Catalytic Conversion of Atmospheric CO2 into Organic Carbonates by Nickel(II) Complexes of Diazepane-Based N4 Ligands

Activation of CO2 and conversion into value-added products is an effective option to mitigate CO2 emission. The nickel(II) complexes [Ni(L1)](ClO4)(2) 1, [Ni(L2)](ClO4)(2)2, and [Ni(L3)(CH3CN)(2)] (Ph4B)(2) 3 of diazepane-based ligands [1,4-bis[(pyridin-2-yl-methyl)]-1,4-diazepane (L1), 1,4-bis[2-(pyridin-2-ypethyl]-1,4-diazepane (L2), and 4-bis[2-(quinoline-2-yl)-methyl]-1,4-diazepane (L3)] have been synthesized and structurally characterized. The complexes were employed as the catalysts for the conversion of atmospheric CO2 into organic carbonates in the absence of cocatalyst at 1 atm pressure. The single-crystal X-ray structures of 1 and 2 exhibit distorted square-planar geometry with almost identical Ni-N bond distances (1.891-1.946 angstrom). The geometry of the complexes rearranged into octahedral in acetonitrile, which was studied by para- magnetic H-1 NMR and electronic spectra. The complexes selectively captured CO2 from the atmospheric air and readily converted epoxides into cyclic carbonates without any cocatalyst. They showed a maximum yield of 25% (TON, 500) using 1 atm air, which is drastically enhanced up to 89% (TON, 1780) using 1 atm pure CO2 gas. This is the highest catalytic efficiency reported for CO2 fixation using nickel-based catalysts to date. The CO2 fixation reaction without organic substrate showed the formation of carbonate-bridged dinuclear nickel(II) complexes.
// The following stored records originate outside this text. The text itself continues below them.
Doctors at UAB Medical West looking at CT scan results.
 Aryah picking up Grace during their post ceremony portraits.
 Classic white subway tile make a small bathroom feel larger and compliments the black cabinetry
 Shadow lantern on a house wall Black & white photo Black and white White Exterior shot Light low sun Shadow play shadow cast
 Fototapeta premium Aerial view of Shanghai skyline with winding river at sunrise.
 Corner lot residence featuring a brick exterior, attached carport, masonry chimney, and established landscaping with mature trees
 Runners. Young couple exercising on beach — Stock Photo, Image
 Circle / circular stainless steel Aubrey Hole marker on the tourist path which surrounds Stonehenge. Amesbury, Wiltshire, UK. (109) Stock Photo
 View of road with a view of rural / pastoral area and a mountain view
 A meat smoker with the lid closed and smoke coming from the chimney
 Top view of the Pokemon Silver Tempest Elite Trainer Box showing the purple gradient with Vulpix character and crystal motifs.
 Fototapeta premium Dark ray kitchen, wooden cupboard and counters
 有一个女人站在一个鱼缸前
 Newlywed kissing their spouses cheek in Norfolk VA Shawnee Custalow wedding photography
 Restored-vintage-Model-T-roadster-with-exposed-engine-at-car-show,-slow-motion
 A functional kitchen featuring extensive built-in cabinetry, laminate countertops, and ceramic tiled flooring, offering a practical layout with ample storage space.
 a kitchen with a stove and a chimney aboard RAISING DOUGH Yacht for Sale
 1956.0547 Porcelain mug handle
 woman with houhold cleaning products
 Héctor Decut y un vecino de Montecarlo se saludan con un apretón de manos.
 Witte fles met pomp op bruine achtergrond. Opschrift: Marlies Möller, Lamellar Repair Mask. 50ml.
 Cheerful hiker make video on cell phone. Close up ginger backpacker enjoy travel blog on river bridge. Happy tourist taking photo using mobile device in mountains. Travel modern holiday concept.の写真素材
They showed characteristic absorption bands around 571-612 nm and were further confirmed by electrospray ionization mass spectrometry, IR, and single-crystal X-ray structures. The molecular structure of carbonate-bridged intermediates exhibited two Ni2+-centers with distorted square pyramidal geometries for 2a and 3a but distorted octahedral and square pyramidal geometries for 1a. The CO2 fixation reactions possibly proceeded via the formation of CO2-bound nickel species.